● YOUR INSTRUCTIONS: Retyped exactly and without pictures, the lines from the one with "Детский стул Everprof Kids 104 Ткань Розовый" through the end of the listing must form the entire answer.

(Beginning of AVAILABLE DATA)

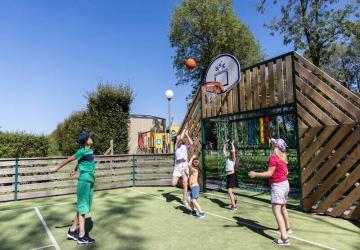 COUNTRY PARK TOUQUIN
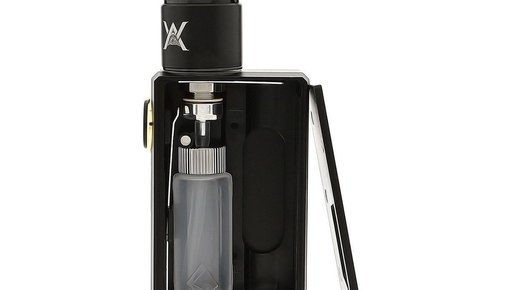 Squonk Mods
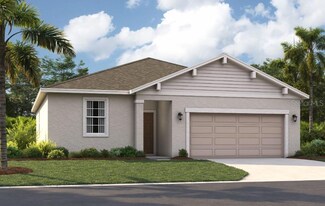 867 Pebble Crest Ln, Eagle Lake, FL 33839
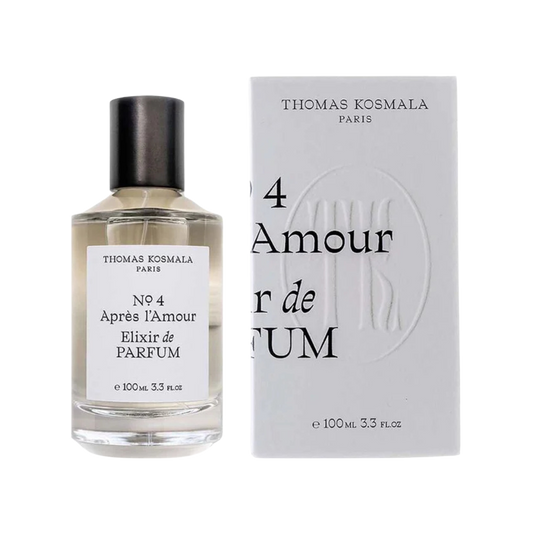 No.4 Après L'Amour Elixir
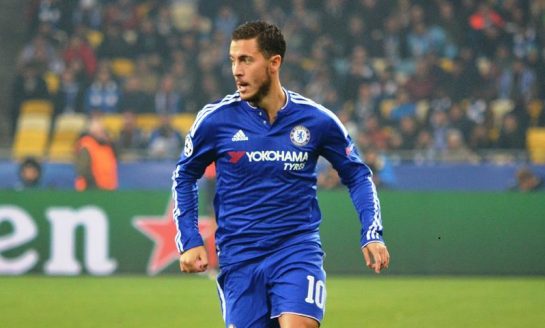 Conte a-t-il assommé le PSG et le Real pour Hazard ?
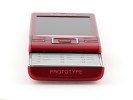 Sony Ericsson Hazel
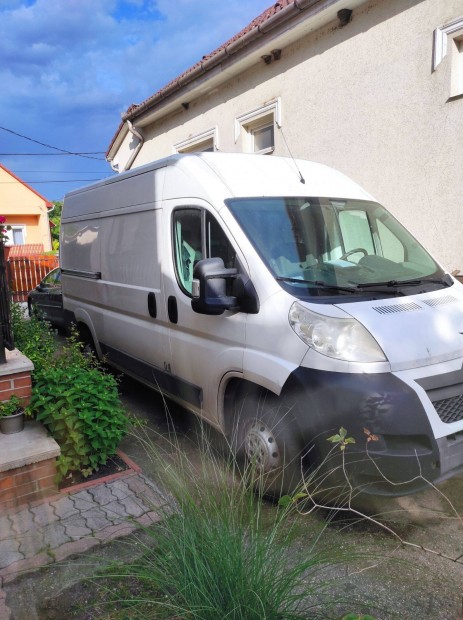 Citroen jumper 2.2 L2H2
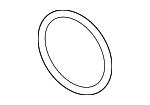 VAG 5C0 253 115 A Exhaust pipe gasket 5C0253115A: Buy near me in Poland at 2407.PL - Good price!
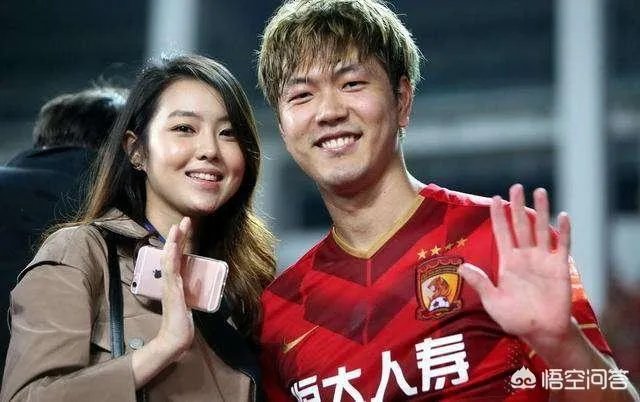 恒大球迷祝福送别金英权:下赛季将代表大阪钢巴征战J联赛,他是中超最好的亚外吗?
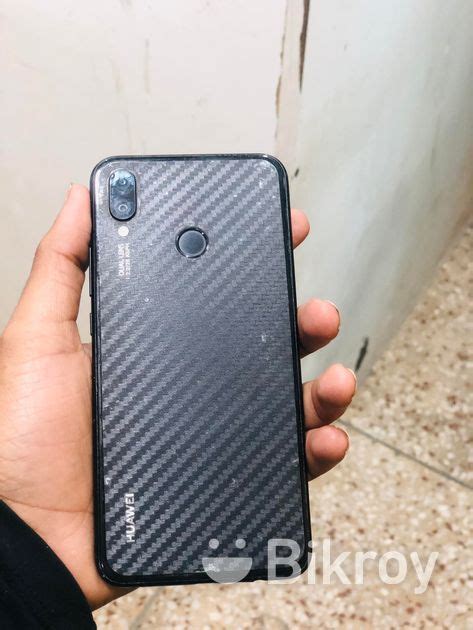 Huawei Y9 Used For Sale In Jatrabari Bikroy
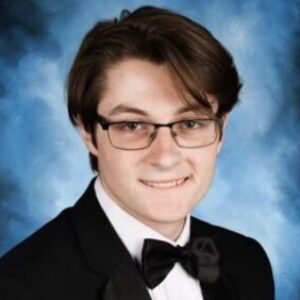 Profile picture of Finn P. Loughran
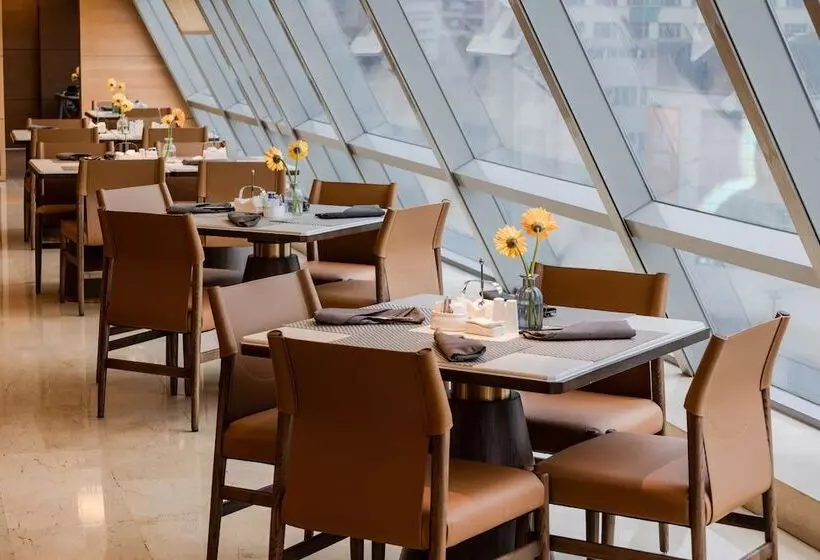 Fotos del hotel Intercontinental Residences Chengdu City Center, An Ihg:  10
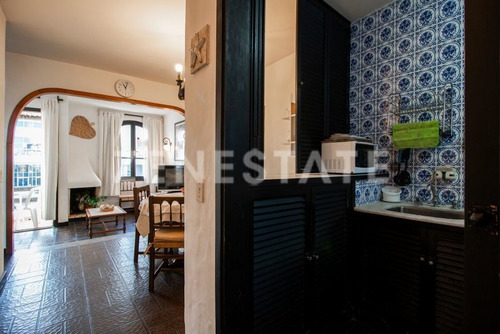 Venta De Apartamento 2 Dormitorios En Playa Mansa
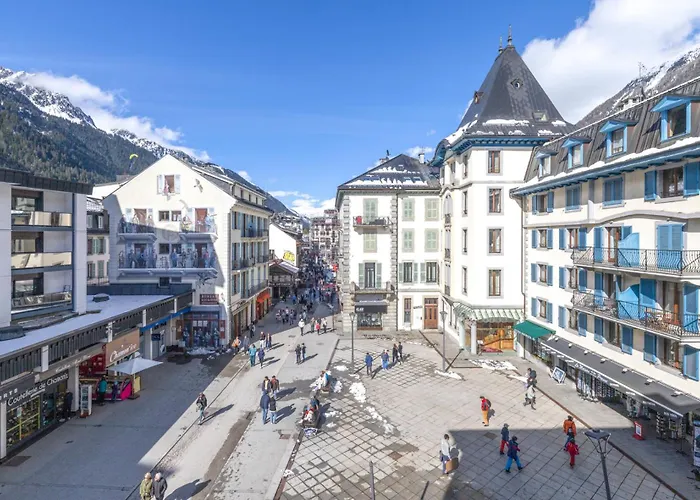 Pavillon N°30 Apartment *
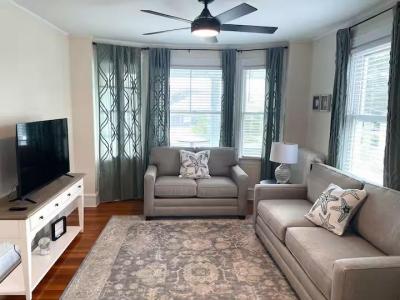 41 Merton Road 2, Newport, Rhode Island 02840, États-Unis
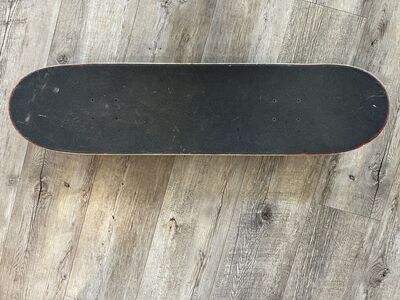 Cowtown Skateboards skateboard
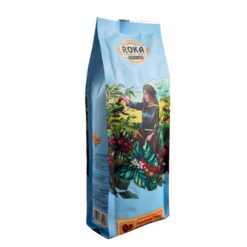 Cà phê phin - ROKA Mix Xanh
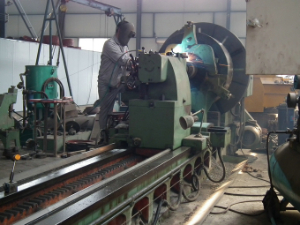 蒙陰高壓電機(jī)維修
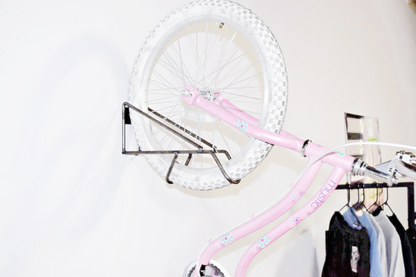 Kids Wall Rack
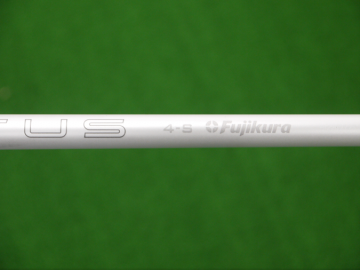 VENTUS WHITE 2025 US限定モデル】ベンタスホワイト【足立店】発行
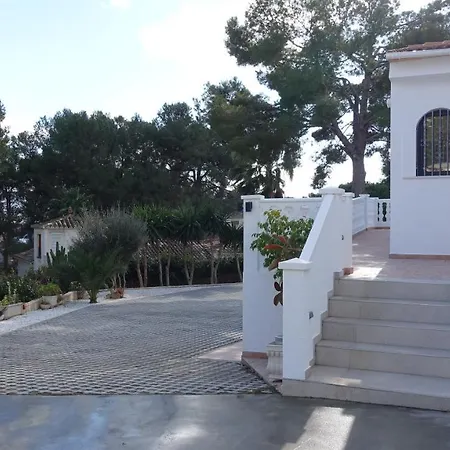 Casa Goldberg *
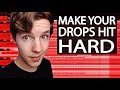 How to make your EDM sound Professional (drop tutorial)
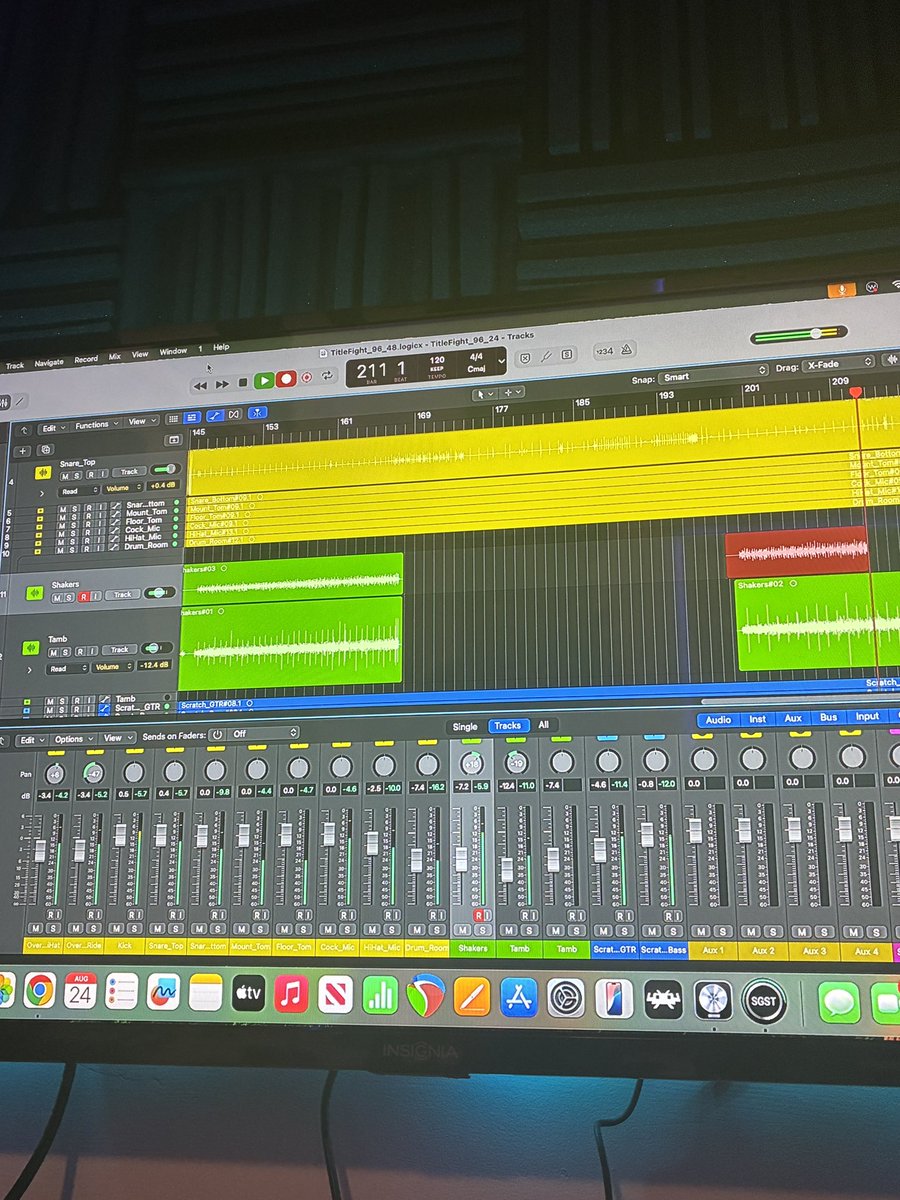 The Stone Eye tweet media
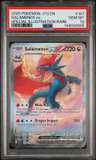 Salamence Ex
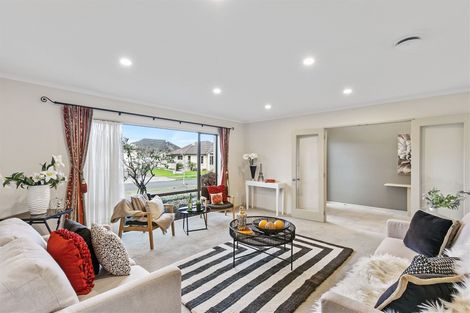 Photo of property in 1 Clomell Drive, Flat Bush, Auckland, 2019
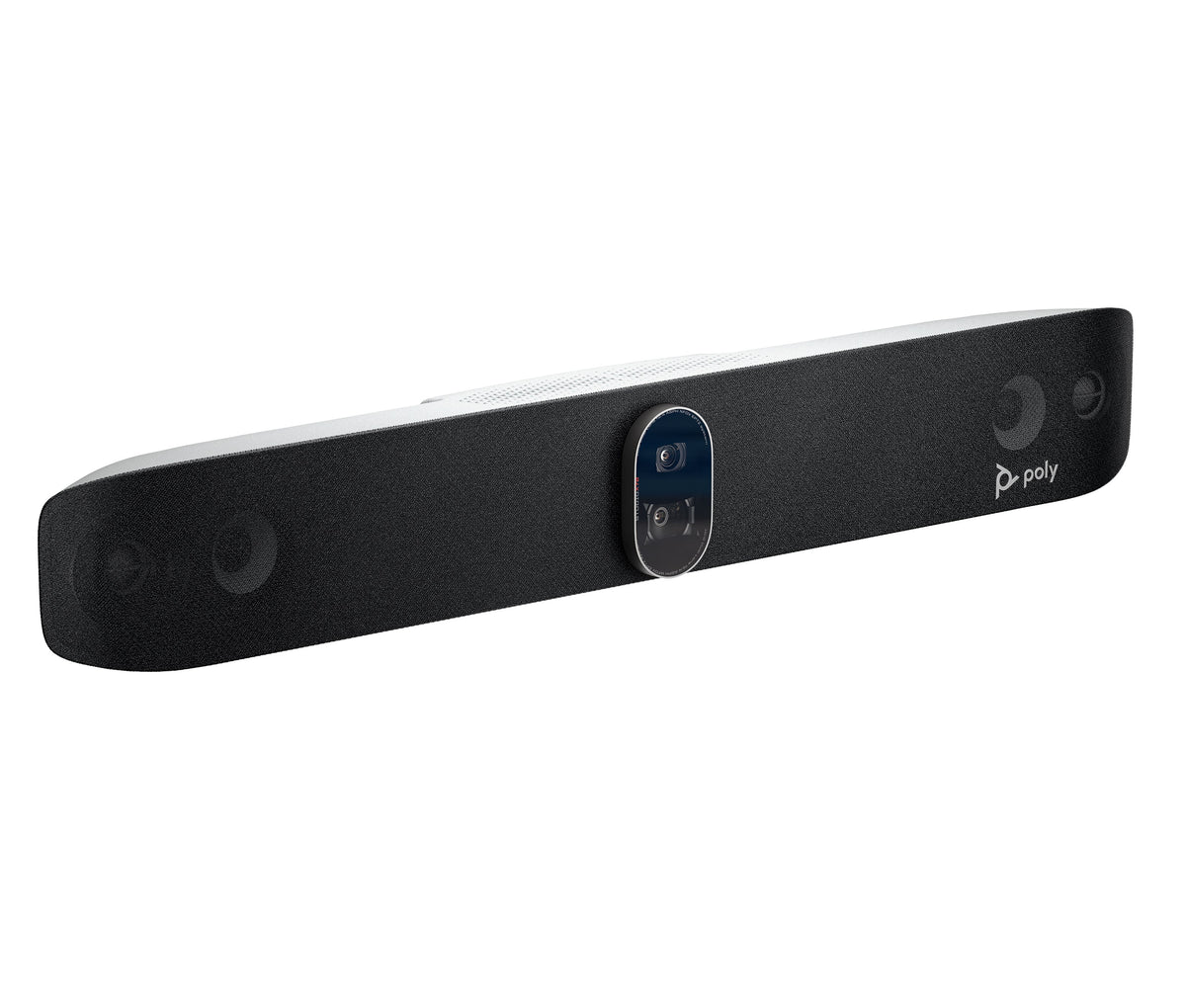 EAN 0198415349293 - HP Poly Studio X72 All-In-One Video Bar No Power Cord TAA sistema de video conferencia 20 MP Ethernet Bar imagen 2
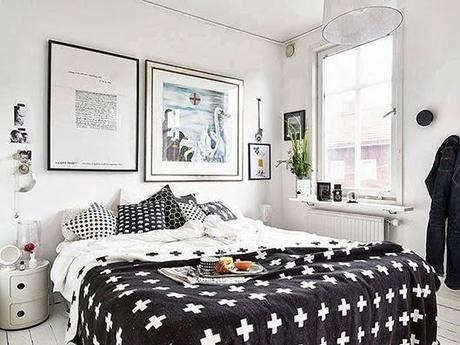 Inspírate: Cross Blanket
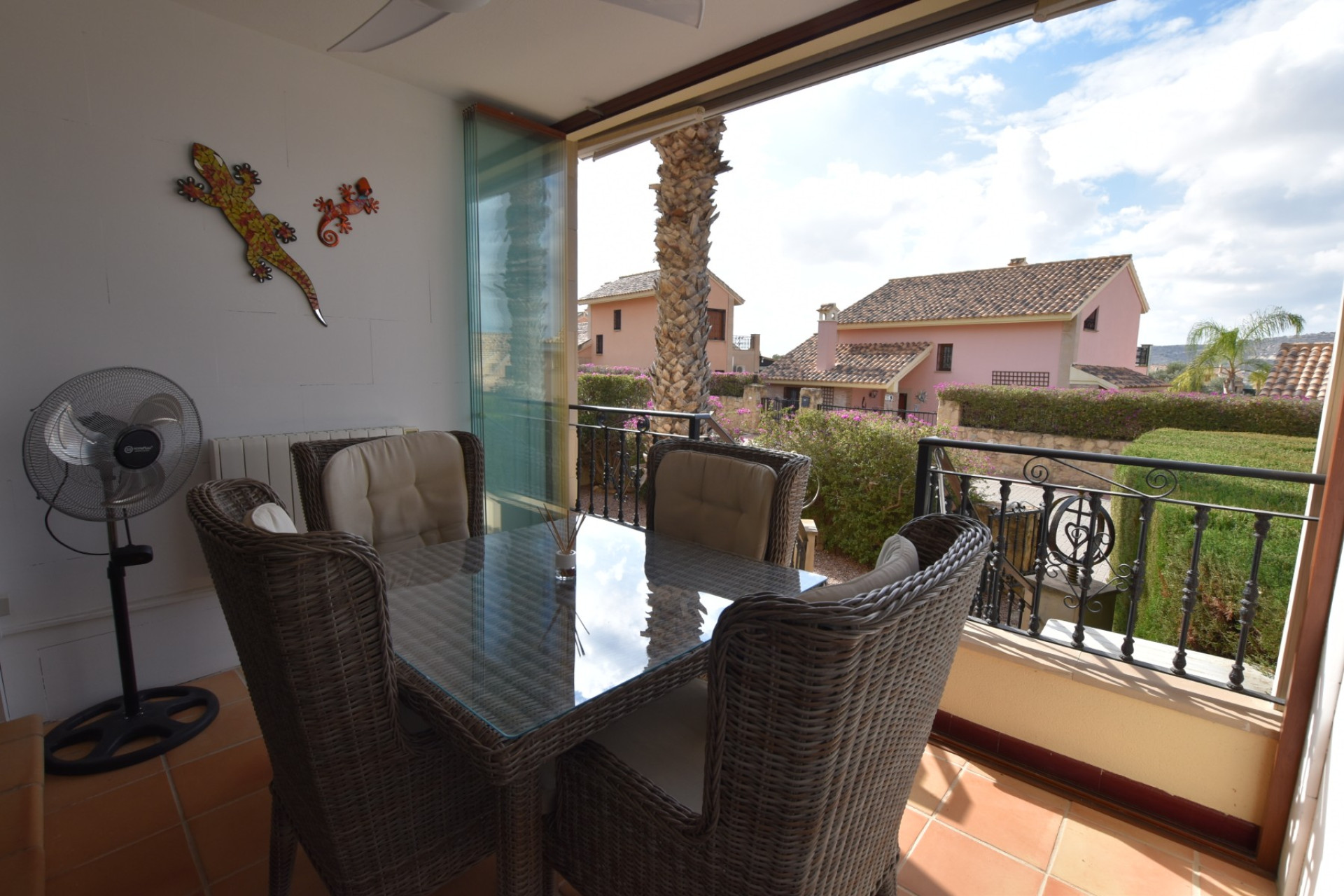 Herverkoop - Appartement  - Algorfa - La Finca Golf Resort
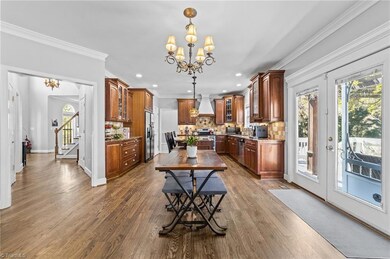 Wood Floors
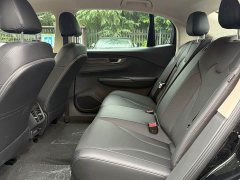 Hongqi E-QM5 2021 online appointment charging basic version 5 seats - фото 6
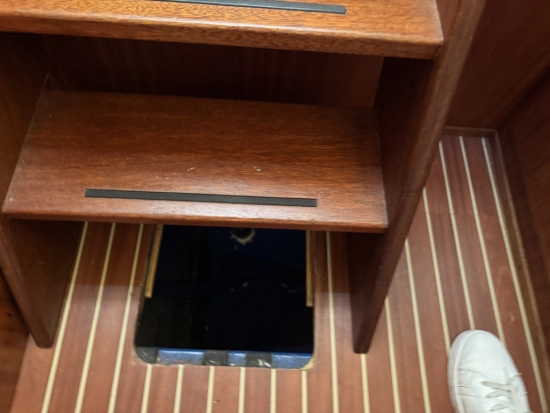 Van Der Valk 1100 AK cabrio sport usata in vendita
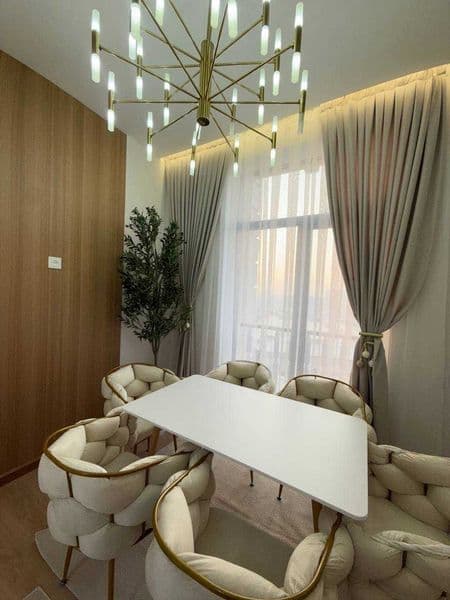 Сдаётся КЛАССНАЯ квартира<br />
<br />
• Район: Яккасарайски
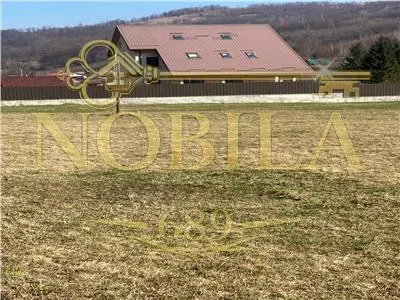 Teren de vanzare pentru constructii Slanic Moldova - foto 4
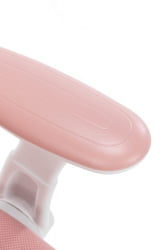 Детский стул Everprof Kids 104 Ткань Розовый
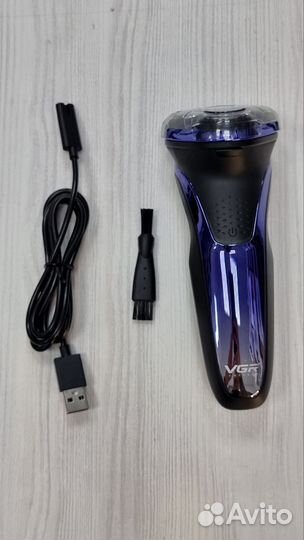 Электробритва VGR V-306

(End of AVAILABLE DATA)

● ANSWER BELOW:
 Детский стул Everprof Kids 104 Ткань Розовый
 Электробритва VGR V-306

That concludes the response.